Sherlock was silent, mind working to hypothesize the emergency.
“Danny’s getting close. I’m going to see if I can help,” John offered a hint.
“Danny?” Sherlock echoed, looking at him blankly.
“Yes, Danny. Mrs. Turner’s nephew?” John sighed, exasperated. “Surely you’ve heard Mrs. Hudson talking about him?”
The blank look remained unchanged.
John shook his head. “Right,” he threw his right hand up, the left clenching into the handle of his medical bag. “Irrelevant. Deleted. Whatever.” He sighed again and turned back toward the stairs. “I have to go.”

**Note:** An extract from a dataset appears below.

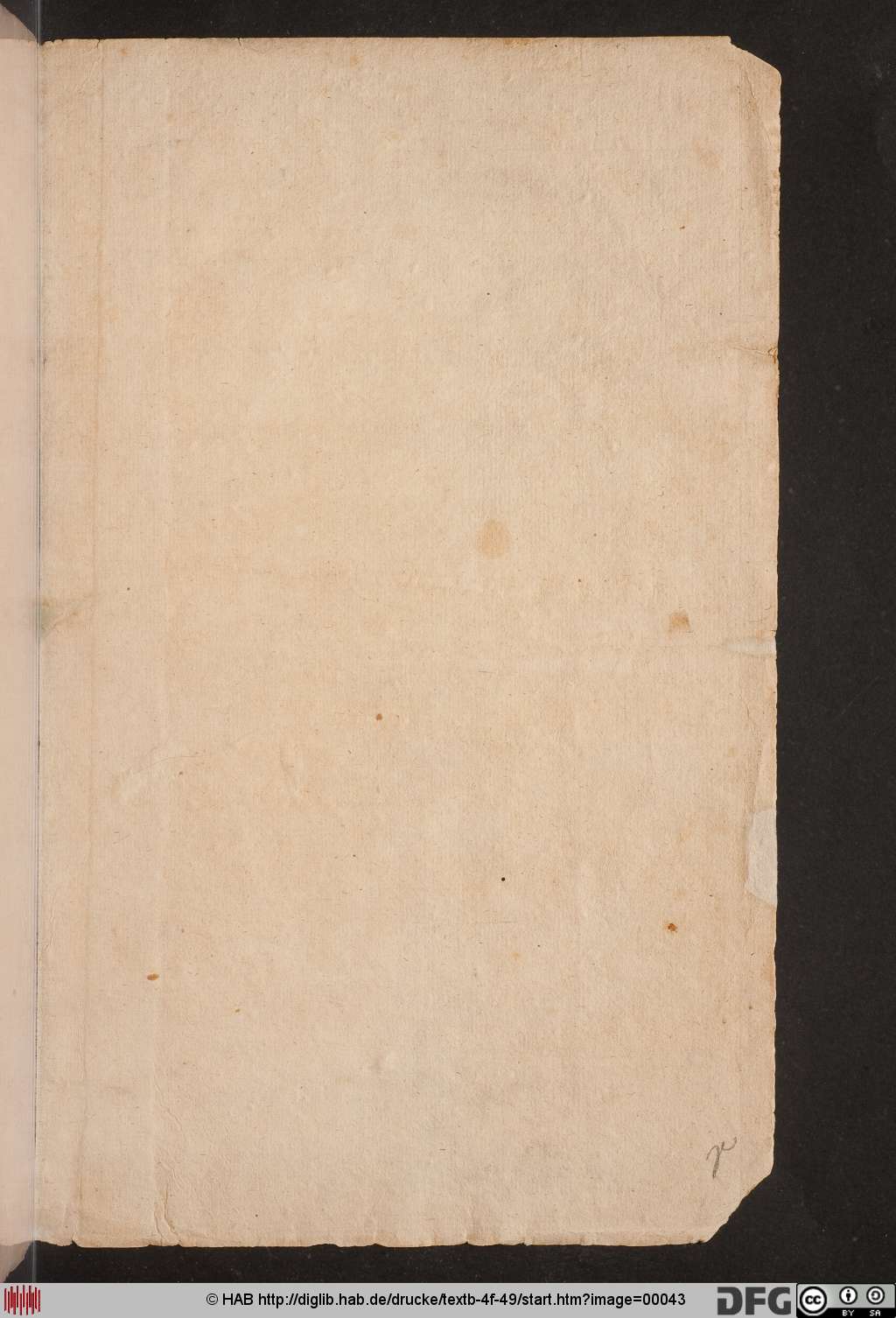 http://diglib.hab.de/drucke/textb-4f-49/00043.jpg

“Danny is dying,” Sherlock pronounced.
John instantly recognized that tone. That ‘I’ve just discovered something interesting and I’m going to dig in and study it’ tone. “Oh, no,” he insisted, spinning on his heel to find Sherlock standing up.
“No, what?” Sherlock asked, petulant and oblivious in equal measures.
“No, you are not coming,” John planted himself in the open doorway, holding his ground.
“Really, John. Within twenty-four hours of our first meeting, you were giving me your professional opinion on a corpse.” He gave John an ‘honestly, did you think a dying person would shock me?’ look. True, he found the dead far more elegant and interesting than the messy humanity that complicated the simple science of dying, but he was bored. Surely there was something he could study. “Dead, dying,” he waved a hand loosely, rationalizing the decision to himself more than anything, “it’s all the same in the end.”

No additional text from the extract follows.